Если бы не дата на титульном листе, пособие, написанное «А! А! и А!», звучало бы как сборник указаний, как писать в манере Виктора Гюго. Кроме того, не следует сбрасывать со счетов вероятность дружеского подтрунивания: адресатом пособия является молодой читатель, «который мечтает однажды стать светочем французской сцены». Шутка Абеля стала художническим кредо Виктора.
Однако Абель все же внес добровольный вклад в успех Виктора. Первого числа каждого месяца он горделиво водил своего гениального брата в ресторан на улице Античной Комедии. Вместе с двумя соавторами Абель устраивал ежемесячный «литературный банкет». Банкет, конечно, в основном служил предлогом для того, чтобы досыта наесться, но, кроме того, там читались стихи Виктора. Позже Абель обеспечил стихам брата более широкую аудиторию. Он основал литературный журнал под названием «Литературный консерватор» (по ассоциации с «Консерватором» Шатобриана){201}. Журнал выходил с декабря 1819 по март 1821 года, часто дважды в месяц, но всегда нерегулярно, так как регулярные периодические издания подвергались цензуре и налогообложению.

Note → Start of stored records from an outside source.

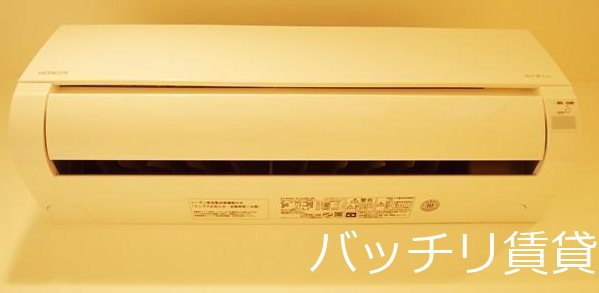 その他設備　※別号室イメージの為、現状を優先致します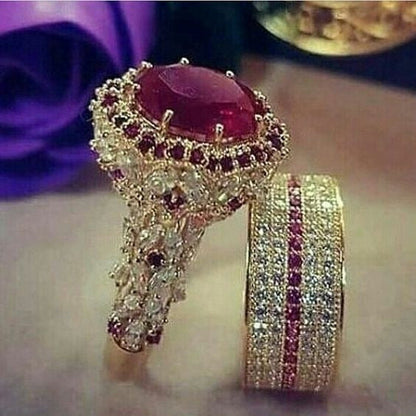 Elegant Ring for Every Occasion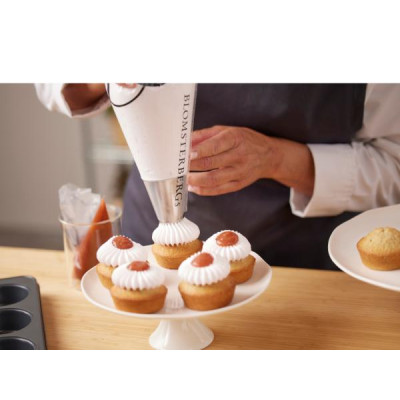 Blomsterbergs engangs sprøjteposer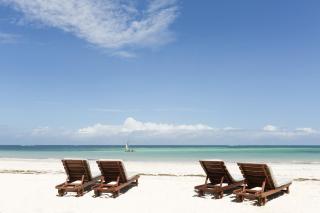 Neptune Palm Beach Boutique Resort & Spa - All Inclusive - Galu - 2
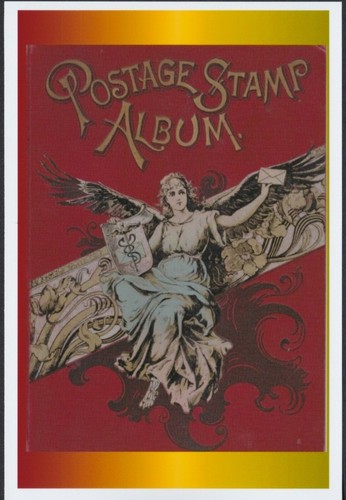 Album francobolli classici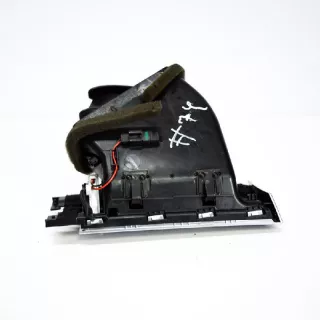 4F2820901D , art572420 Дефлектор обдува салона Audi A6 C6 (S6,RS6) Арт 572420, вид 5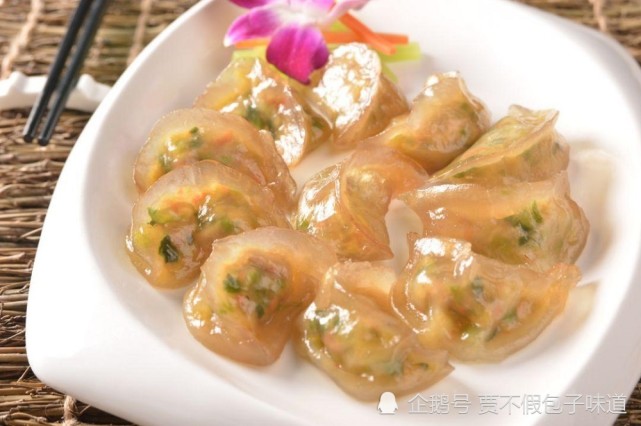 寻味中国莲乡——抚州广昌,这6种味道,你吃过吗?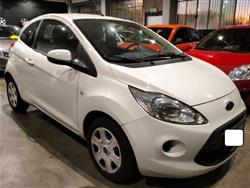 FORD KA+ 1.2 8V 69CV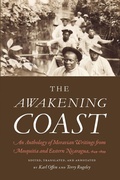 Cover: The Awakening Coast - University of Nebraska Press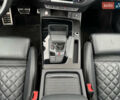 Синий Ауди SQ5, объемом двигателя 3 л и пробегом 76 тыс. км за 40900 $, фото 27 на Automoto.ua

Виктор написал для «Литературного консерватора» 112 статей и 22 стихотворения, став одним из первых марафонцев во французской журналистике. Первоначальное замешательство перешло во властный тон, благодаря которому журнал сделался рупором нового поколения. Впрочем, некоторые подписчики подозревали, что «новое поколение» представлял один человек с одиннадцатью псевдонимами.
Когда говорят о реакционной природе раннего французского романтизма, вспоминают, что будущий лидер нового течения был самым консервативным из консерваторов. Когда ему присылали книги на рецензию, он выискивал в них грамматические ошибки, каламбуры, нелепые метафоры, неологизмы, вульгаризмы, варваризмы и любые признаки литературной или лингвистической революции. И это – подумать только! – писатель, который в знаменитом стихотворении, опубликованном в 1856 году, провозглашал, что «надел красный колпак Революции на старый словарь»{202}. «Литературный консерватор» создает своего рода оптический обман: молодой Виктор Гюго подвергает критике будущего себя. Он провозгласил, что женщинам не следует запрещать писать, поскольку в противном случае они начнут «плохо себя вести». Он с трудом пытался примирить свое восхищение Вольтером и его репутацию отца Великой французской революции и пришел к выводу: «В сущности Вольтер – монархист». А когда кто-то предложил собирать средства на постройку города, в котором будут говорить только по-латыни, он указал на большую важность основания города для франкоговорящих, «ибо Революция создала новый французский язык, который постепенно сделает прежний непонятным».
Ирония в позднейших произведениях Гюго служит риторическим приемом. Так он выражал свое неудовольствие положением дел, так подспудно призывал к исправлению. Ирония в «Литературном консерваторе» – признак крайнего несогласия с самим собой. Он предупреждал читателей, что «эротические» стихи не принимаются, а затем печатал отрывок виршей некоего Гаспара Декома, который услаждал себя сексуальными фантазиями, прерванными с приходом матери. В одном из своих проявлений Гюго был старым подагрическим педантом. В другом он был молодым человеком, обожающим отца, который считал его «простофилей» и «болтуном».
В 1834 году, когда Гюго заново опубликовал свои юношеские статьи в «Литературных и философских опытах» (Littérature et Philosophie Mêlées), он тайно внес сотни изменений в оригинальный текст. Например, к нудной критике стихов Шенье он добавил пророческое замечание: возможно, «огрехи» Шенье были семенами поэтического прогресса. Из-за того, что Гюго вносил исправления в собственные записи, его обвиняли в том, что он обманывает как читателей, так и самого себя. И все же озарения не всегда принимают форму готовых выводов или ярлыков. Гюго изначально утверждал, что ни один писатель в полной мере не понимает смысла своего труда, что «все великие писатели создают два шедевра, один намеренно, другой непроизвольно»{203}. Даже в 1820 году он, судя по всему, удивлялся тому, что восхищается «Поэтическими размышлениями» Ламартина, поэзией новой формы, признававшей действие уходящего времени и, следовательно, подвергавшей сомнению неизменные принципы классицизма. Огромным счастьем для романтической поэзии стало то, что она предполагала возможность свободы от педантов – даже от педанта, сидящего внутри тебя самого. Ее расплывчатость и «местный колорит, – писал Гюго, – сообщают даже самым несовершенным строкам дух своего рода волшебных заклинаний».